Government employees
(This is admittedly self-serving.)
With the caveat that some of the people who stay here do get lazy and/or end up feeding the system instead of keeping the end in mind. Most of the people I work with actually take the idea of public service seriously--and for many, maybe most, of them, it was one of the main reasons that they went this direction with their careers.

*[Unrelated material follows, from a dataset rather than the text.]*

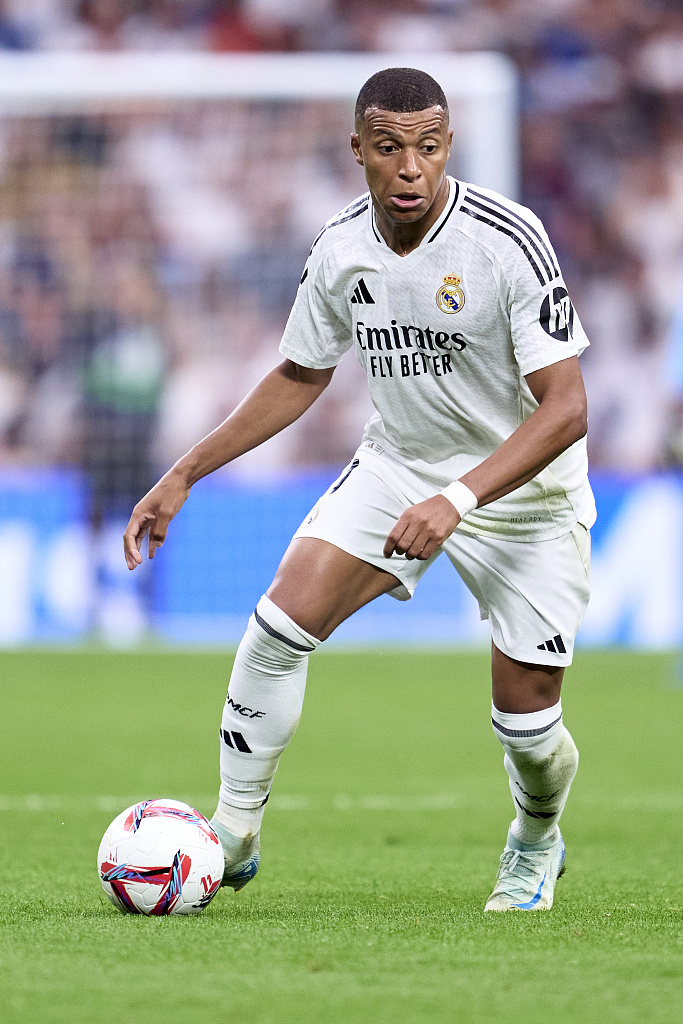 足球报：非洲足球成因凡蒂诺争权筹码，他历经5年完成重组（足球报：凡蒂诺将非洲足球视作权力博弈筹码，历时五年完成重组）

And, it might surprise you to know that there are many of us who try extremely hard to push positive change (e.g., efficiencies, cutting edge technology). You wouldn't believe the variety and degrees of resistance--including especially from the public. The budget process is particularly cumbersome and can be very counter-productive; and you can count on the fact that someone (a scorned contractor, a "watchdog" citizen, local media) will be all over the slightest irregularity, even if it's innocent and/or motivated by integrity and intelligence. And I believe strongly in the need for oversight, scrutiny and accountability; it's just that it's more difficult to operate in that environment than those who've never done it realize.
Network Engineers
These sorry saps get no credit for when their shit works. The moment it goes down all hell breaks lose and they are the worst people ever.
Seriously, Network engineers have a true thankless job.
This really goes for almost all people that work behind the scenes in the service industry, though.
@Bogie Ha. You just reminded me: the sound guy. Nobody gives a shit until shit goes wrong.
So, really, yaknow, part of what I'm saying is that if you have a shit job and people give you shit about it, I'm sorry.
Unless you're a telemarketer or you do phone collections for one of those places that 1) buys bad credit at a discount and then tries to collect the original debt plus fees; 2) is otherwise ripping people off and/or 3) pressures people to put some shit debt above feeding their kids or paying the rent or going to the doctor.
Still, I have to give you credit: you're trying.
But collections. Damn. I think I'd be homeless and feel better about it before I'd work high-pressure collections (yeah, I don't count if you're just collecting a debt and you're being a decent persona about it).
I'm pretty much on the fence about telemarketers. Though mostly I'm on the fence shouting LEAVE ME THE FUCK ALONE, MOTHERFUCKERS!!!
I do feel bad for anyone who has to do one of these jobs, but not bad enough that I can appreciate them for what they do. And I especially don't appreciate them if they like what they do. Because, yeah, fuck you too if you wanna call me on the phone and harass me.
@joelmw this is why we have a PBX for our house with an auto attendent. auto dialers can't navigate it...
Debt Collections people get a bad rap but they do an important job to help honest people get paid for the goods and services they provide to society. I also think collection agencies fall into the category of "necessary by virtue of the behavior and desires of the people who bitch about them."